Taxation of leases that are not long funding leases: finance lessees: importance of lease term: no secondary period: assets with residual values
It is possible for a lease of a chattel (such as an aircraft or ship) to contain no provision for a secondary period although the asset is still very valuable at the end of the primary period. The trader may decide he only needs finance for the ship for ten years but the ship has a 25 year life. In these circumstances the trader (the lessee) is unlikely to be prepared to pay out rentals over the ten year primary period equal to the cost of the ship plus interest on the loan, unless he gets the full economic rights to the asset. So, if there is no provision for a secondary period, there should be provision for the lessee to get a rebate of rentals, when the lease ends, equal to the market value of the ship. See BLM32540 where this is not the case.
If there is provision for the lessee to get a rebate of rentals when the lease ends equal to the market value of the asset, correct accountancy (see BLM32535) requires this residual value to be taken into account in computing the depreciation charge. Although the rentals are still written off over the primary period only, the capital element is written off net of the estimated residual value of the asset. The trader writes off his expected net loss on the asset after deducting the expected sale proceeds. This enables a sensible answer to be reached for tax purposes.

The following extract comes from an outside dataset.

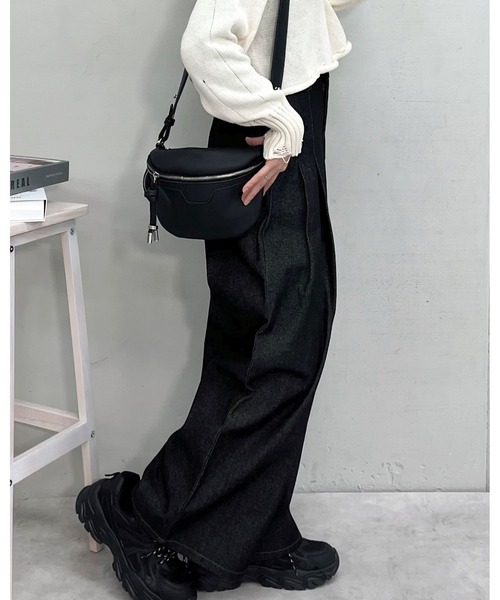 &soiree(アンドソワレ)の「【&soiree】 リジッドタックワイドデニムパンツ(デニムパンツ・レディース・インディゴブルー/ブラック・FREE)」の16枚目の写真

You should not accept that the lessee can write off the entire capital element of the rentals over the primary period simply because there are no secondary periods. To do so would be contrary to GAAP. If it is reasonably certain that the secondary period will be taken up by the lessee then this period forms part of the period over which the lease may be depreciated, see BLM15020.
If necessary, you should seek the views of your local advisory accountant on the commercial acceptability of any failure to take into account the residual value of the asset in this way.